In the ultra-professional 21st Century, just ask the appropriate standby player to hop on a plane. They’re being paid to keep fit, just in case. Good grief, players even nip home for the birth of a child these days, despite it being a 24 hour flight each way.
Not so a generation ago. Much the same as Ray Mears, you had to utilise what was to hand, invariably someone who was over playing as a club pro. Not exactly test class, or so you thought, but they are playing first class cricket at home and are on hand.
Tony Pigott delaying his wedding to make his debut in 1982, Mike Whitney launching a test career from the Lancashire Leagues in 1985.
Clayton Lambert left my own club in 1991 to deputise for the injured Gordon Greenidge on the West Indies tour of England. He had been pro since 1984 and was something of a legend in the North-East club scene, and is to this day.

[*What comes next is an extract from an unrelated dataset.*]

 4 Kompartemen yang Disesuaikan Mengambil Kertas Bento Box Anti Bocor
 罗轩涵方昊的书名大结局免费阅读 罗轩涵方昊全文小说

As club secretary, I had to make the calls, everything was done by the board, though making a call to Trinidad to officially confirm we were releasing him from his contract to join the tour was a tad daunting.
Delight followed as our long-time friend made his test debut at the Oval, but an injudicious swipe to the first ball Phil Tufnell bowled consigned him to the International wilderness for the next 7 years.
Imagine Roy Hodgson, shorn of yet another player for one of various minor ailments, and needing to fill the bench for the friendly away to Spain, placing a call to Puerto Banus where the Leyton Orient squad happen to be having their end of season bash.